Александр Волков - Скитания
– Я родился в Козенце, это в нашем же Неаполитанском вице-королевстве, – говорил монах приятным глуховатым голосом. – Нас было двое у отца, небогатого дворянина: брат Сильвестро и я. Но с братом наши пути разошлись рано. Он почувствовал влечение к живописи, уехал в Умбрию и поступил в учение к известному Луке Синьорелли.[129] А я всей душой привязался к Бернгардино Телезио…[130]
– К Телезио?! Этому замечательному гуманисту? – в удивлении перебил Бруно. – Но я же ходил слушать его лекции, когда еще был в пансионе у дяди. Он – выдающийся ученый!

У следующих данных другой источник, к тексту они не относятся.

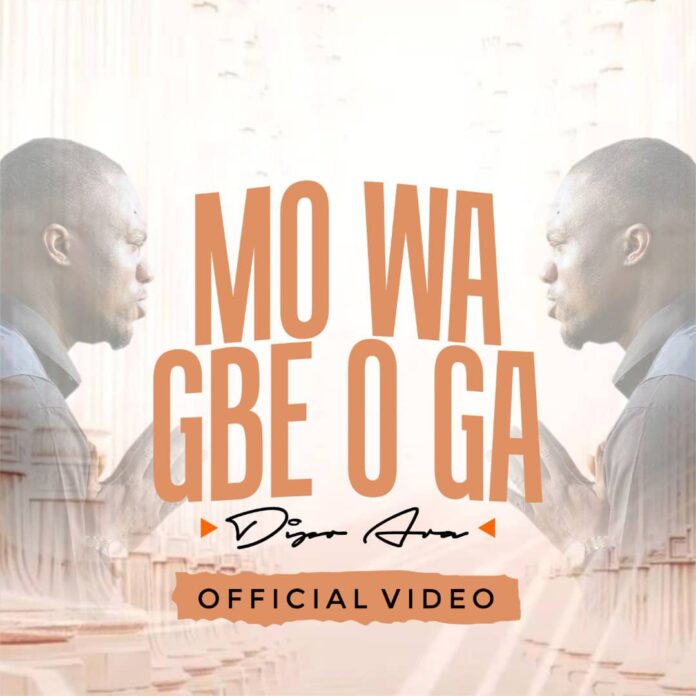 Mo Wa Gbe Oga - Dipo Ara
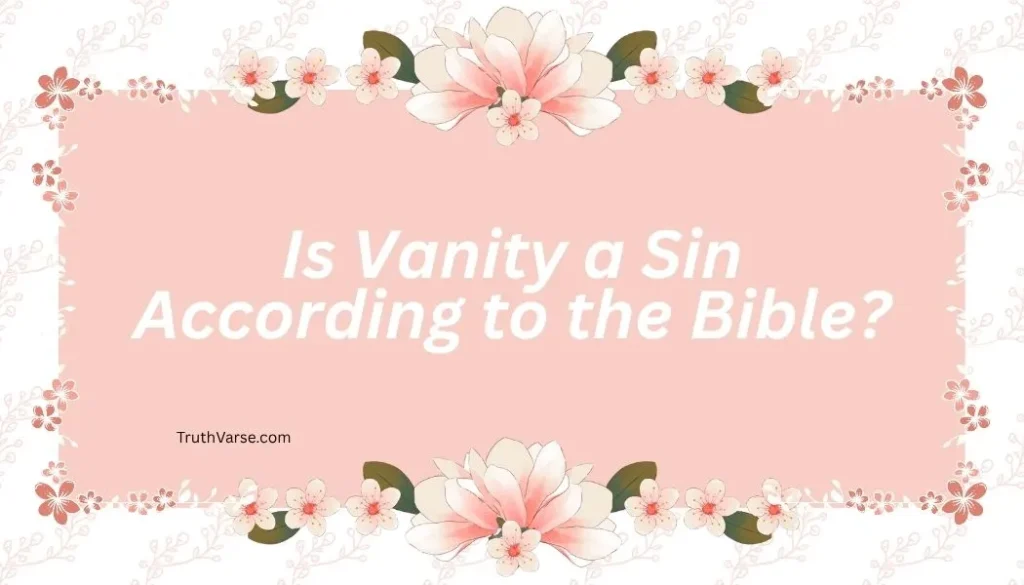 Is Vanity a Sin According to the Bible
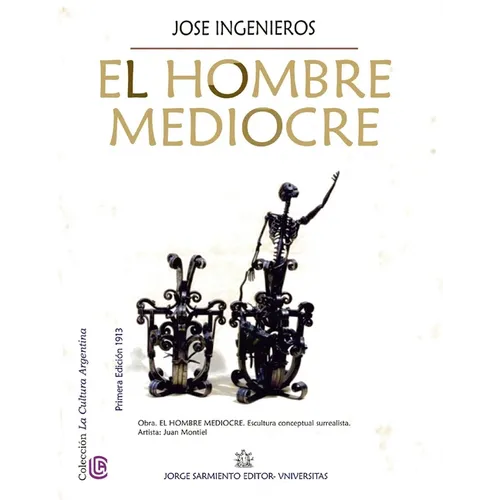El hombre mediocre: Colección La Cultura Argentina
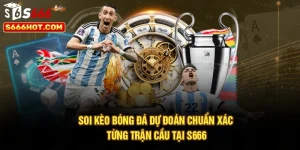 Soi Kèo Bóng Đá – Dự Đoán Chuẩn Xác Từng Trận Cầu Tại S666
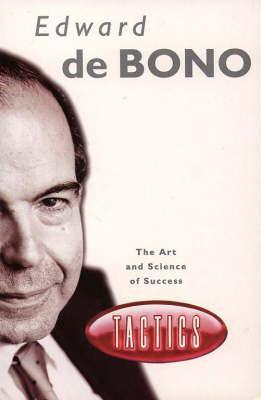 Book cover of Tactics. The Art & Science Of Success by Edward de Bono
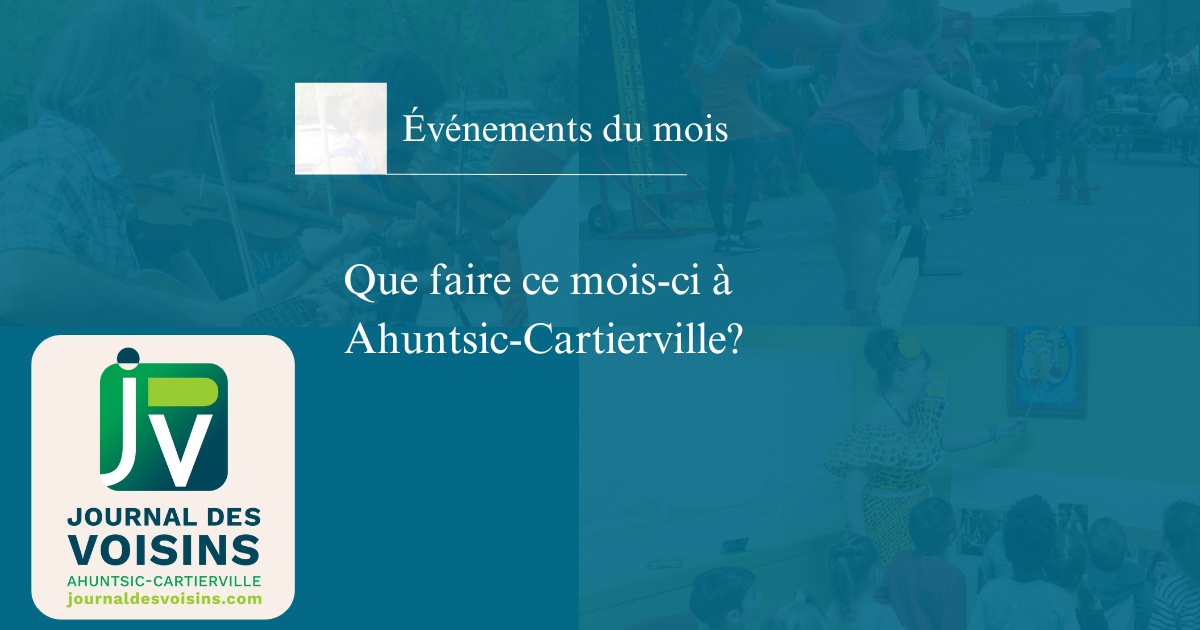 Événements Ahuntsic-Cartierville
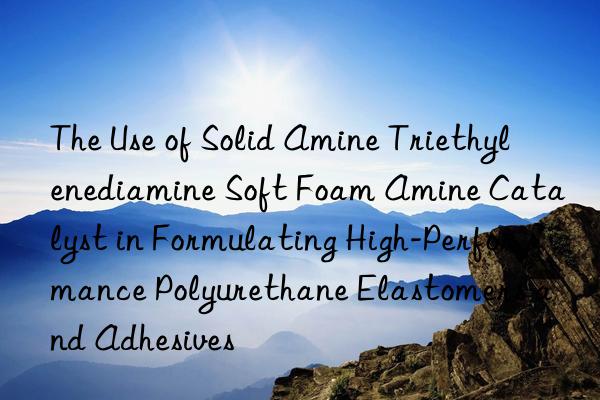The Use of Solid Amine Triethylenediamine Soft Foam Amine Catalyst in Formulating High-Performance Polyurethane Elastomers and Adhesives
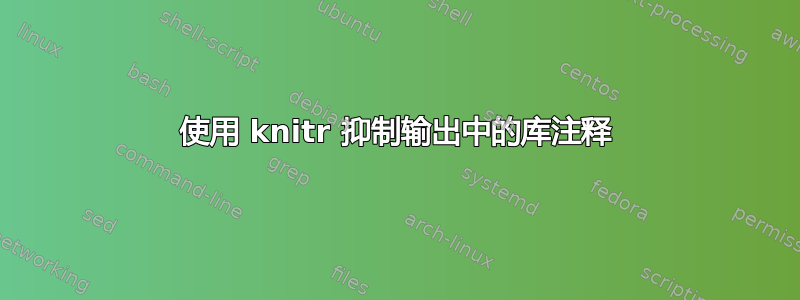 使用 knitr 抑制输出中的库注释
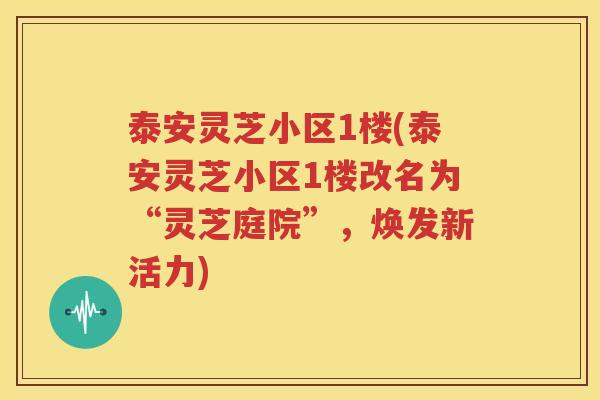 泰安灵芝小区1楼(泰安灵芝小区1楼改名为“灵芝庭院”，焕发新活力)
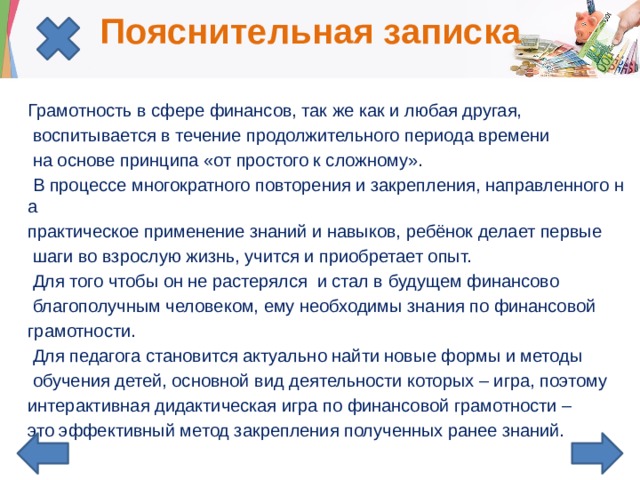 Пояснительная записка Грамотность в сфере финансов, так же как и любая другая,  воспитывается в течение продолжительного периода времени  на основе принципа «от простого к сложному».  В процессе многократного повторения и закрепления, направленного на практическое применение знаний и навыков, ребёнок делает первые  шаги во взрослую жизнь, учится и приобретает опыт.  Для того чтобы он не растерялся и стал в будущем финансово  благополучным человеком, ему необходимы знания по финансовой грамотности.  Для педагога становится актуально найти новые формы и методы  обучения детей, основной вид деятельности которых – игра, поэтому интерактивная дидактическая игра по финансовой грамотности – это эффективный метод закрепления полученных ранее знаний. 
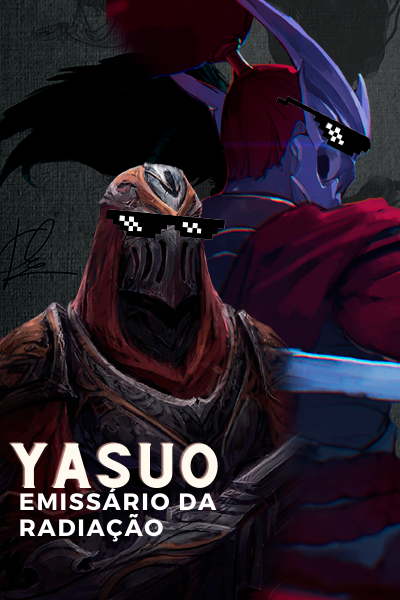 Fanfic / Fanfiction Yasuo, emissário da radiação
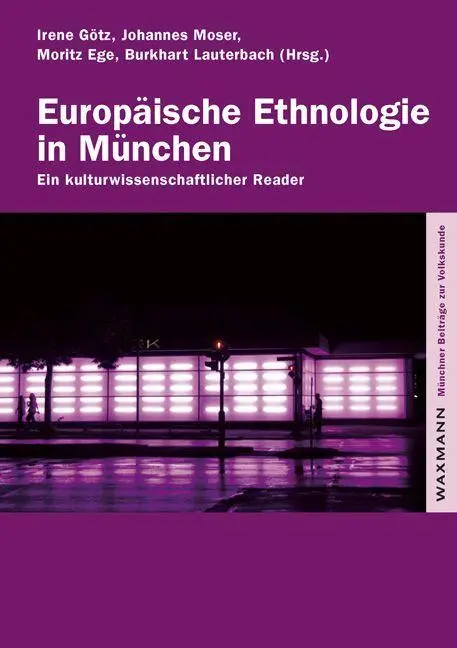 Cover: 9783830931997 | Europäische Ethnologie in München | Irene Götz | Taschenbuch | 404 S.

– Да, в тесной дружбе с этим самым Бернардино прошли мое детство и юность, – улыбнулся дон Аннибале. – Мы вместе посещали городскую школу в Козенце, вместе поехали в Рим в 1525 году, чтобы там продолжить свое образование. Если бы мы предвидели, чем это кончится! – вздохнул старый монах.
– Вам довелось пережить взятие Рима? – спросил Фелипе.
– Да, мой юный друг, и это было ужасное время. Наемники Карла V[131] во время одной из войн, беспрестанно потрясающих нашу несчастную страну, захватили и страшно опустошили папскую столицу. Это случилось в 1527 году…
– Мой отец тоже был там в это время! – перебил взволнованный Фелипе. – Он защищал город и спасся с большим трудом…
– Значит, мы с ним были товарищами по несчастью в эти ужасные дни. Что там тогда творилось! Немецкие солдаты, жадные до поживы, врывались в дома, пытали граждан, требуя указать, где скрыты ценности. Тысячи и тысячи людей были брошены в тюрьмы и выходили оттуда только после уплаты выкупа. Попали в заключение и мы с Бернардино и томились два месяца, ежечасно ожидая смерти. К счастью, нас выручил влиятельный друг Телезио, мы покинули Рим и удалились в Падую…
Седая голова старика опустилась при этих тяжелых воспоминаниях, и он долго молчал.
– Что же было дальше, падре? – спросил Бруне.
– В пределах Венецианской республики дышалось свободнее. Ведь она была одним из немногих итальянских государств, не поддавшихся испанским завоевателям. В Падуе мы поступили в университет и стали учениками великого Фракасторо.[132]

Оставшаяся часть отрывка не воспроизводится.